▶ **Try it**
With every picture left out, give the data below back exactly.

▶ **Dataset excerpt**
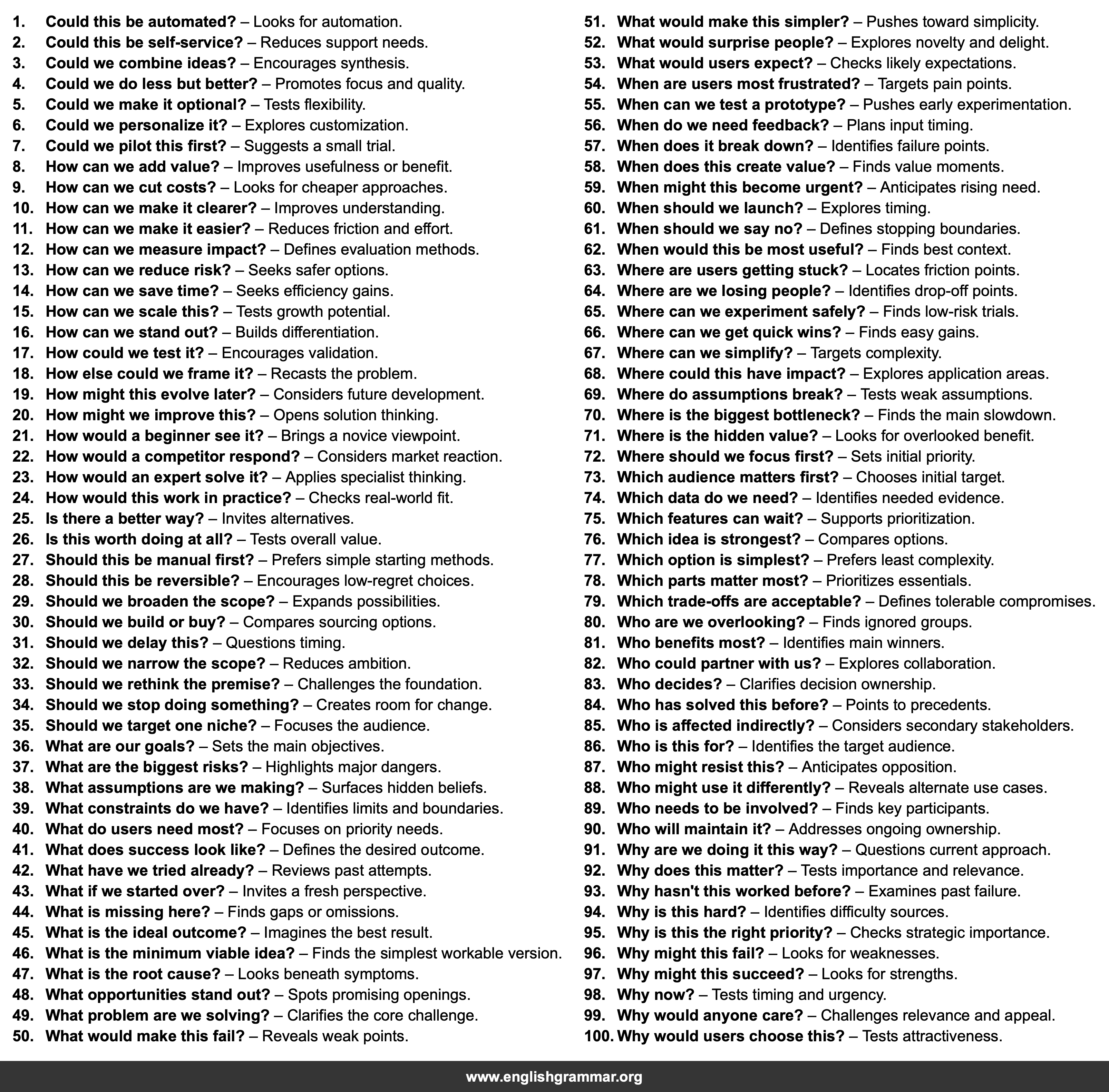 100 Questions to Ask During a Brainstorming Session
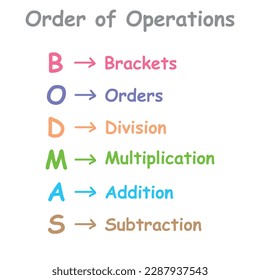 Ordering mathematical operations. The order of operations BODMAS rule poster. Brackets, order of powers or roots, division, multiplication, addition and subtraction. Vector illustration.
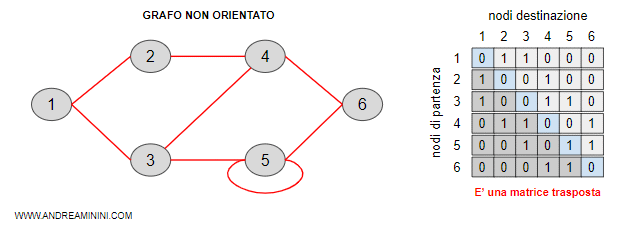 il caso del grafo non orientato è una matrice trasposta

▶ **Result of this task**
 100 Questions to Ask During a Brainstorming Session
 Ordering mathematical operations. The order of operations BODMAS rule poster. Brackets, order of powers or roots, division, multiplication, addition and subtraction. Vector illustration.
 il caso del grafo non orientato è una matrice trasposta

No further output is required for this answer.